I picked back up Teaching Community: A Pedagogy of Hope. So glad I did, as rereading (for the fourth or fifth time?), seems all the more timely for the work ahead, the work of right now.
First Day of Classes
Both my classes had their first real sessions today. My new performance class is preparing to study selected works of Anna Deavere Smith, and the course will focus on performance work that explores themes of social justice. Today, they wrote in their journals a list of what they had heard or learned about being female in the world (I teach at a single gender school for girls), and then they created a male character (of any age) talking about girls or women. Each student then performed her piece, and we discussed the patterns, myths, and stereotypes presented of both genders through their pieces. I am excited to see where this work evolves, especially as we move into characters that defy or challenge the perspectives of gender as either boy or girl.
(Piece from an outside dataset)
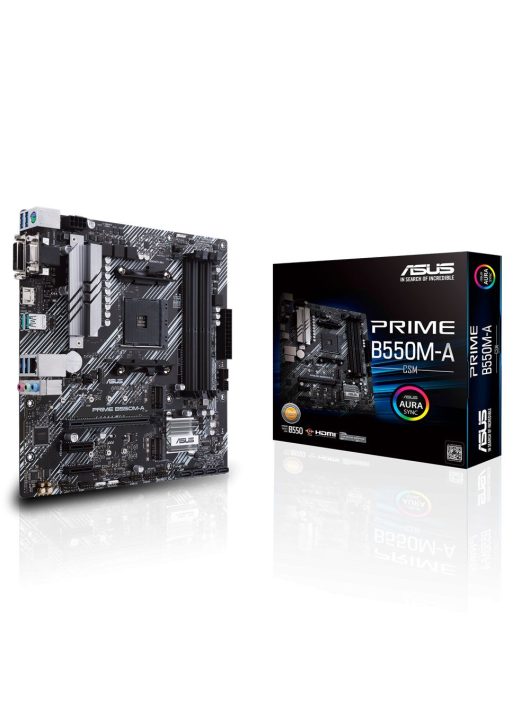 Asus PRIME B550M-A/CSM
My speech students read excepts from Bone Black by bell hooks, and I am always thrilled to introduce my young women students to her work! They’re writing their own personal narrative speeches as a first assignment.
“…I can tell him, my grandfather who loves me always, that I want to belong—that it hurts to be always on the outside. He tells me there are a lot of ways to belong in this world. And that it is my work to find out where I belong.
At night, when everyone is silent and everything is still, I lie in the darkness of my windowless room, the place where they exile me from the community of their heart, and search the unmoving blackness to see if I can find my way home. I tell myself stories, write poems, record my dreams. In my journal I write—I belong in this place of words. This is my home. This dark, bone black inner cave where I am making a world for myself.” ~ bell hooks, Bone Black
I taught in a coed setting for many years, but there is something so wonderful about the all girl class setting and the conversations my students share with me that remind me, on days like this, why I love my job so much!